We add aggregated IPA analysis results to the FDO profiles.

During the FDO optimization build, we use these results to read in additional source modules and form larger pseudo modules to extend scope and to enable more intra-module inter-procedural optimizations.

核心是基于”运行时信息，构建一个dynamic call graph，将亲和度（affinity）比较高的modules(称之为auxiliary module)组合成一个更大的module(称之为module groupings)，然后进行cross-module optimization“，亲和度通过call graph的hot edges来判定，称之为 source module affinity analysis。

如何判断 module 之间是否要放在一起，论文有相关算法的介绍，这里不赘述。

通过一个示例来介绍LIPO的过程，

// a.c
int foo(char *d, unsigned int i){return d[i] + d[i + 1];
}// b.c
char tokens [] = {1 ,3 ,5 ,7 ,11 ,13};
int extern foo(char *d, unsigned int i);
int bar(void) {return foo(tokens , 3);
}// main.c
#include <stdio.h>
#include <string.h>
extern int sum(char *d, unsigned int i);
extern int bar(void);
int main(int argc, char **argv) {unsigned int i, s = 0;if(argc != 2) return;for (i = 0; i < strlen(argv[1]) - 1; i++) s += foo(argv[1], i);printf ("sum: %d\n", s);printf ("tokens: %d\n", bar());
}

假设 main.c 中的 for 循环调用 foo 是 hot call，将其放在一起，{main.c, a.c(aux)}，{a.c}，{b.c}。

有一个小插曲由于 LIPO(google的项目) 太成功了，导致 WHOPR (同样是 google 提的proposal)没有开发人员开发，直到2009年，WHOPR 才合入 GCC。

LLVM full LTO

LLVM full LTO 是比较朴素的 LTO 实现，frontend 编译生成的是 bitcode IR，然后在链接时进行 materialize，合并成为一个超大的 IR 文件，然后再进行优化。

ThinLTO: Scalable and Incremental LTO

ThinLTO 可以说和 WHOPR 以及 SYZYGY 很像，都是 summary-based Whole-Program Analysis (WPA)，只是工程实现以及一些实现上大同小异，ThinLTO 列举了以前 LTO/CMO 实现的一些缺点（虽然我感觉不够实锤）。

实现	缺点
LLVM full LTO & HP-UX compiler	将所有的 compilation unit 合并成为一个，开销较大；IPA/IPO 无法并行化
SYZYGY	summary-based analysis, inlining 无法并行完成，中间需要频繁修改 ielf ；IPA/IPO 无法并行化；不能处理增量编译
Open64	summary-based analysis, 中间需要频繁修改 IR；IPA/IPO 无法并行化；不能处理增量编译
WHOPR	summary-based analysis, 在IPA的过程中需要频繁 I/O?(没有看实现，存疑)；IPA/IPO 无法并行化；不能处理增量编译
LIPO	需要插桩并收集 profile；虽然通过 module grouping 减少了 scope 以降低开销，但是 module group 较大时还是会存在 memory issue；同时需要修改 frontend

ThinLTO 虽然也有 serial 过程，但作用在 compact summary(C:没有对比过其它 LTO summary formats，ThinLTO 的 summary 确实比较 compact)上进行 global analysis，开销比较可控。
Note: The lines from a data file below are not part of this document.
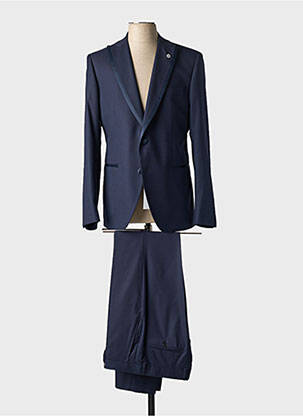Costume de cérémonie fermeture zippée sous rabat boutonné bleu UNGARO homme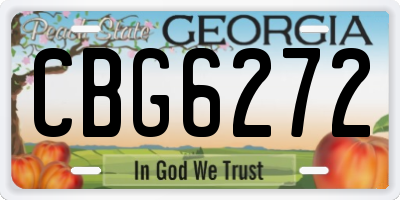 GA license plate CBG6272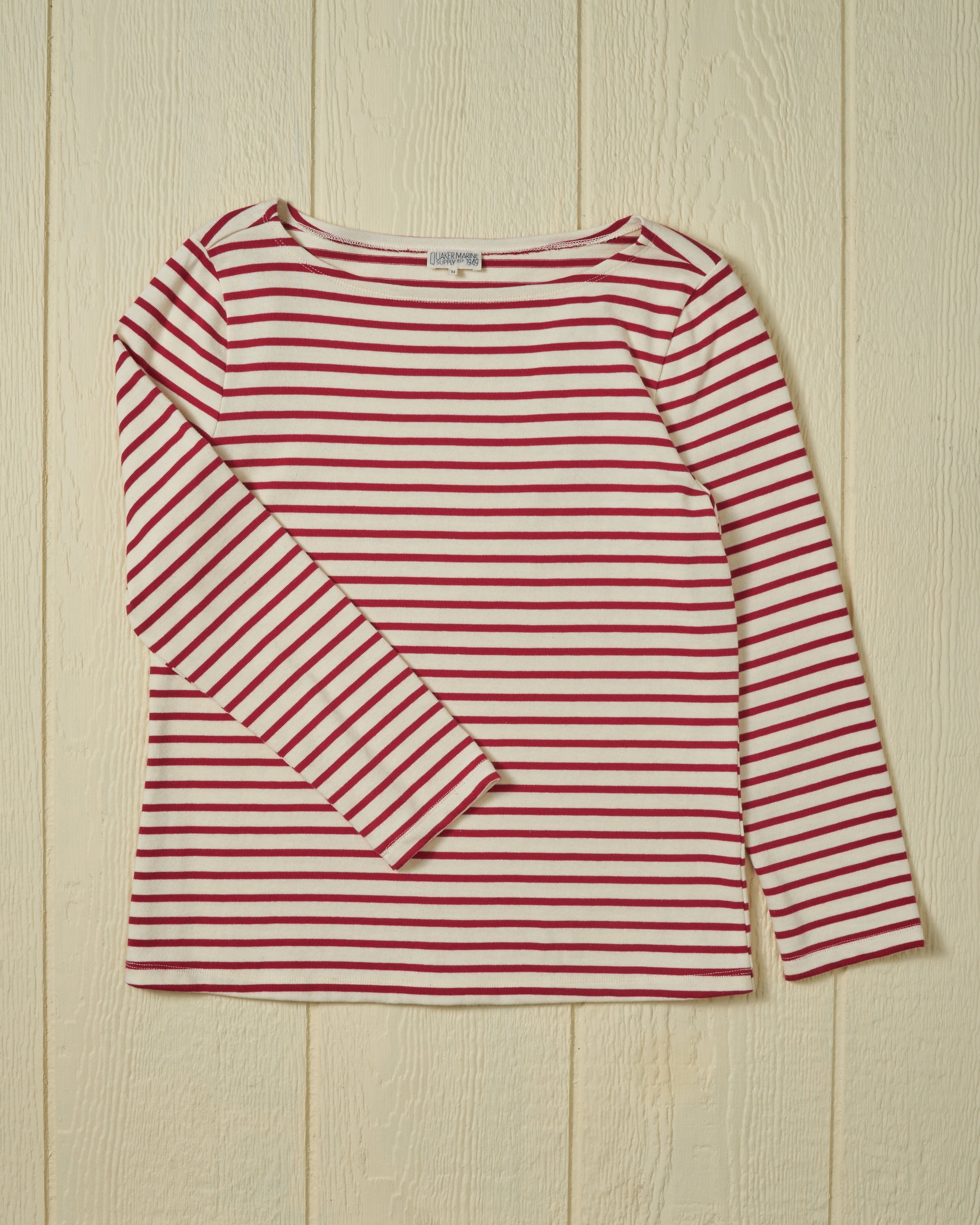 Women's Classic Breton Stripe Boatneck T-Shirt - Off White & Red Stripes | Casual French-Inspired Top for Everyday Wear, Layering & Outfits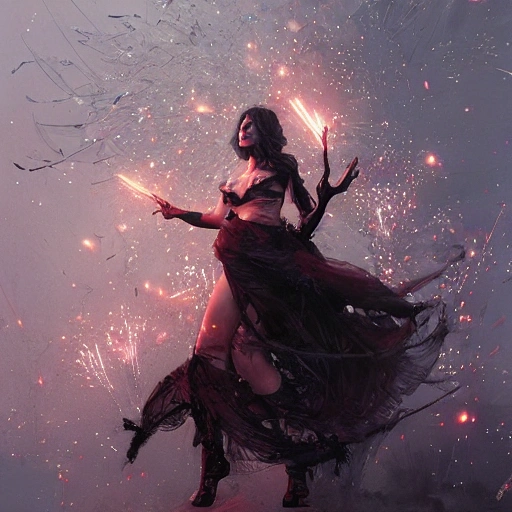 full body, beautiful face, witch, sexy, fireworks, intricate, sharp focus, illustration, highly detailed, digital painting, concept art, matte, art by ruan jia and wlop and greg rutkowski, masterpiece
ThinLTO 提出了新颖的技术，function importing transformation，用来 enable inlining。不同于 LIPO 或者 WHOPR，ThinLTO 通过 function importing技术，只 import 需要的 function，使得开销进一步降低。

ThinLTO Design

ThinLTO 大致分为如下几个步骤：

Compile: Generate IR as with LTO mode, but extended with module summaries.

Thin link: Thin linker plugin layer to combine summaries and perform global analyses.

ThinLTO backend: Parallel backends with summary- based importing and optimizations.ThinLTO: Scalable and Incremental LTO

上面几个步骤没有什么好说的，比较重要的是下面的这张图，清晰展示了 ThinLTO Thin 在哪里，重点在于 summary 以及基于 summary whole program analysis。

每一个全局变量和函数都有一个 entry
entry中包含一些metadata，用来驱动后面的global analysis
function entry包含，linkage type，指令数量，可选的PGO信息，以及一些flag
另外所有的ref和函数调用关系都被记录下来了。函数调用可以附带有PGO hotness信息。

Thin Link主要是将不同 module 中的 summary 信息（又称之为 summary index）聚合起来，合并成为一个summary index，然后基于这个 summary 做后续的分析。

Function Importing

Function Importing 是整个过程中比较重要的一步，对于一个 module 来说，只有其需要的函数才会被 import 到 module 中，这样做可以减少开销。所以这里的核心点是如何判断一个函数是否需要 importing？目前论文中的判断标准，就是这个函数足够 hot 并且足够小，从而能够使得 inlining 从中受益。整个过程通过一个 threshold 来控制，未来如果需要对其进行扩展，只需要根据”其余判断标准“调整 threshold 即可。

在 backend 进行真正的优化时，module 将其需要的 function import 进来（也就是拷贝进来）。这个过程在backend 的较早期进行，以便使得其它IPO收益。

如果需要 import 的函数引用了一个 local symbol（例如 static 修饰的变量），那么需要将这个 local symbol 的 scope 提升到全局 scope。需要 renamed。我们可以看到 ThinLTO 比 LIPO 更进一步，LIPO 是将 module 进行 grouping，但是 ThinLTO 只将需要 function 给 imoprt。另外需要注意的是，ThinLTO 也保留了接口基于 PGO profile data 来协助 function importing。

ThinLTO Cross-Module Optimizations

在 full LTO 中有一个比较重要的概念叫做 internalization，这个是针对 global symbol 来说的，如果说在把“所有”的 IR 都合并成为一个超大 IR 的时候，发现一些 symbol 不需要对外可见了，那么就将其进行internalize。与之类似的还有 visibility 问题。internalization有两个好处，一是可以做dead symbol elimination ，二是可以做更精确与激进的分析，例如别名分析。通过 global reference graph ，ThinLTO 也可以做 internalization。

另外一个需要注意的点是 weak symbol resolution，这里引入了两个概念 prevailing 和 preempted。如果 linker 选择了 weak symbol 中的某一个 copy，将其它的丢弃，那么这个 symbol 就是 prevailing symbol，其它 symbol 就被 preempted 了（C：未来再介绍 linkage 相关的内容）

对于 indirect call promotioin 来说，PGO profile data 应该算是比较重要的了，用来告诉 optimizer，这个 call target 比较热，值得你对代码进行transform来做ICP。ThinLTO 的 summary 也保留了这部分的接口。

Integration with Profile Guided Optimization (PGO)

前面我们提到 ThinLTO 可以和 PGO 进行结合，profile data 放在 summary 中的 call 信息中，用来表征 hot or cold 。然后可以沿着 global call graph 进行 propagtion，用来协助做 function importing。

这篇文章只是论文阅读到的内容，真正 ThinLTO 中实现的细节，未来再进行讨论。